Les Anciens avaient conçu un Art de la mémoire qui consistait à se représenter un lieu à la fois simple et savant, palais, temple ou villa dans lesquels chaque escalier, les corridors, chacune des salles, et à l'intérieur de celles-ci chaque meuble, chaque étagère et chaque tiroir étaient l'occasion de ranger ses mots et ses images en associant chacun d'eux à ces lieux précis pour ensuite, lors d'un exercice de la pensée qui parcourait ces lieux à nouveau, retrouver à volonté sans effort mots et images. Cet art s'est perdu, et nous n'en avons qu'un aperçu, sans le secours du rappel des techniques précises alors nécessaires à son acquisition.

J'y songe, en feuilletant mes albums de photographies : ma mémoire contient et se représente à elle-même ad libitum certaines de mes images, celles que j'ai placées dans les corridors de mes pages.

 

 

 

 

lundi, 24 décembre 2018

Écrire

 

 

 

Écrire, c'est, aussi, vouloir ajouter à la beauté du monde, ou, tout du moins, souhaiter la souligner.

 

 

 

 

06:14 Écrit par Frédéric Tison dans Crayonné dans la marge, Minuscules | Lien permanent | Commentaires (0) |  Facebook |

jeudi, 20 décembre 2018

De silences

 

 

 

Les silences qui séparent la publication de l'un et l'autre de ses livres font partie de l'œuvre d'un auteur.

 

 

 

 

 

05:25 Écrit par Frédéric Tison dans Crayonné dans la marge, Minuscules | Lien permanent | Commentaires (0) |  Facebook |

vendredi, 14 décembre 2018

Habiter la terre

 

 

 

Quelqu'un, un jour, naguère, habita cette terre terrible, indifférente et magnifique, et toujours menacée, la nôtre, et il inventa, il construisit le château de Champs ; dans son esprit était la splendeur, qu'il souhaita manifester avec des pierres, avec des ordonnancements, avec l'espace et l'eau, avec des silences de statues, des bassins rêveurs et des tapis d'herbes vides et rêveurs pour répondre à la splendeur naturelle, pour répondre au chant qu'il entendait. Quelqu'un, ai-je dit ? Ce fut sans doute moi, dans une vie antérieure ! Je m'en souviens, oui, c'était bien moi...

 

 

 

 

mardi, 13 novembre 2018

La princesse Naguère

 

 

(Lecture d'un conte, avec des élèves de onze et douze ans.)

 

— « Il existait naguère une princesse... » Que signifie "naguère" ?

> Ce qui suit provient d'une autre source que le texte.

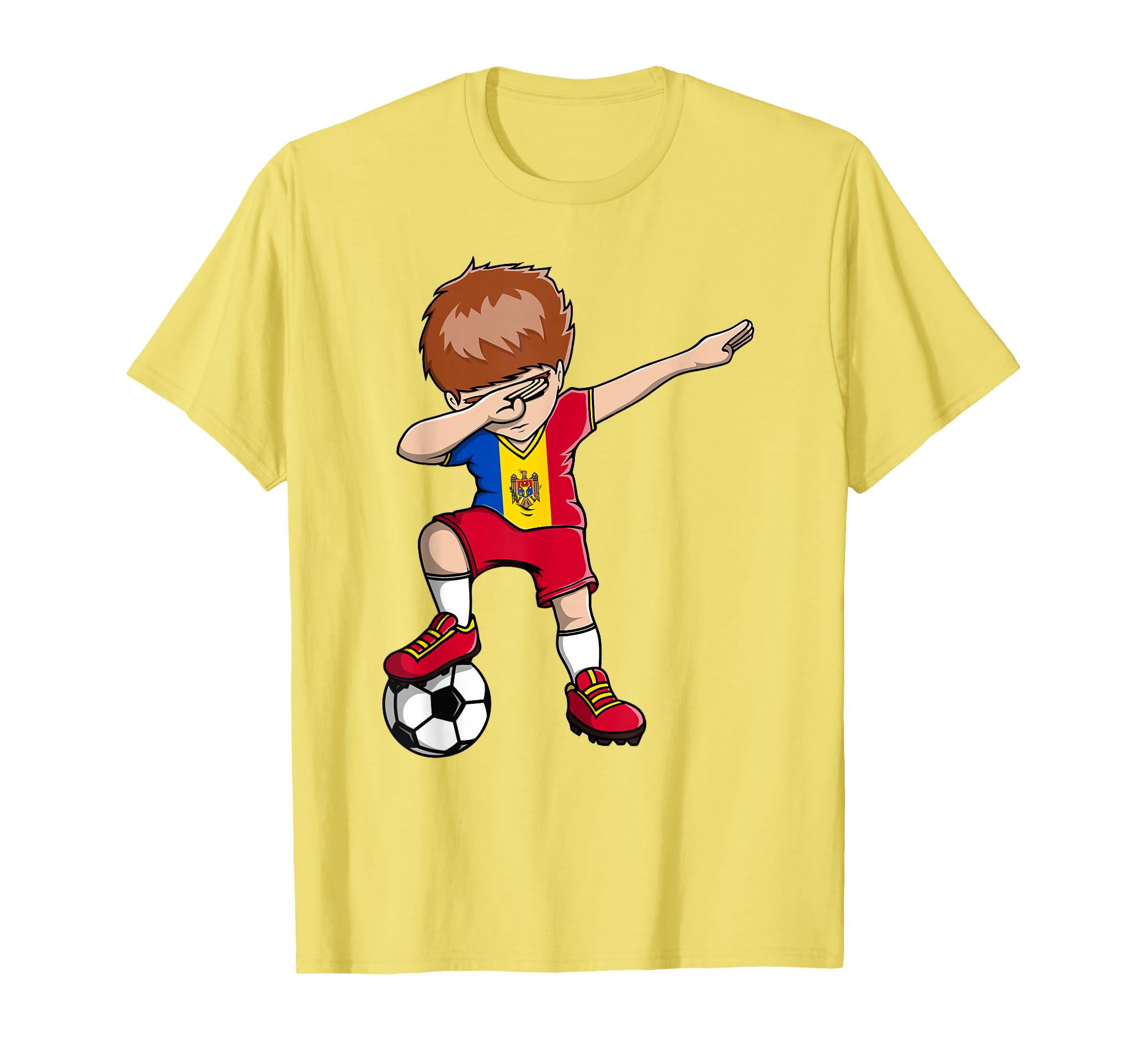 Dabbing Soccer Moldova Jersey T-Shirt - Minimalist Print Men Women - T-Shirt, Sweatshirt, Hoodie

— C'est le nom de la princesse ?

 

 

 

15:50 Écrit par Frédéric Tison dans Crayonné dans la marge | Lien permanent | Commentaires (2) |  Facebook |

jeudi, 08 novembre 2018

Respiration

 

 

 

L'odieuse chaleur a cessé de se répandre dans Paris... J'ai su, encore, que beaucoup de la terreur d'être au monde lui appartient : la chaleur excessive est petitesse, étroitesse, puanteur, décomposition déjà. Tout vent frais balaye la laideur : il ouvre les fenêtres, il rêve et glisse sur les terrasses, il est air, santé, espace, immensité. Il est selon lui-même cette salle de dalles sonores où son esprit résonne.

 

 

 

 

17:02 Écrit par Frédéric Tison dans Crayonné dans la marge, Minuscules | Lien permanent | Commentaires (0) |  Facebook |

L'amitié manuscrite

 

 

 

Il est si rare aujourd'hui de recevoir une lettre manuscrite que c'est une émotion d'ouvrir l'enveloppe et de découvrir des caractères qui semblent autant de signes d'amitié vive et de complicité.

 

 

 

 

16:34 Écrit par Frédéric Tison dans Crayonné dans la marge, Minuscules | Lien permanent | Commentaires (1) |  Facebook |

mercredi, 07 novembre 2018

D'une ville

 

 

 

Nantes, m'a-t-il semblé, n'est pas, n'est plus devrais-je dire, une belle ville — J'y suis venu avec ma passion des villes d'histoire et de toute ville, et je fus déçu : l'harmonie qu'elle dut connaître n'est plus, il n'y subsiste seulement que des îlots de beauté, maisons, château, cathédrale et portes... Il en est ainsi, je crois, des villes qui ne s'aiment pas : leurs administrateurs ne savent plus la beauté d'une rue, d'une perspective, d'un angle, d'une fenêtre — d'une porte ; on circule là dans un lieu qui méprise son passé, qui ne regarde plus son ciel et ses couleurs, son air. Nantes est sans doute à l'image de notre époque : elle n'est qu'une addition d'îles ignorées, loin de tout archipel — celui qu'avait lentement construit des centaines d'années.

 

 

 

 

20:08 Écrit par Frédéric Tison dans Crayonné dans la marge, Minuscules | Lien permanent | Commentaires (2) |  Facebook |

lundi, 05 novembre 2018

Le temps étonné

 

 

 

Je lis et j'aime quelqu'un qui écrivit solitaire en 1150. Comme je me souviens de lui ! Comme tu me manques, mon Lecteur, mon complice de l'an 2540 !

 

 

 

 

16:01 Écrit par Frédéric Tison dans Crayonné dans la marge, Minuscules | Lien permanent | Commentaires (0) |  Facebook |

vendredi, 19 octobre 2018

Veille

 

 

 

Le poème est une veille supérieure.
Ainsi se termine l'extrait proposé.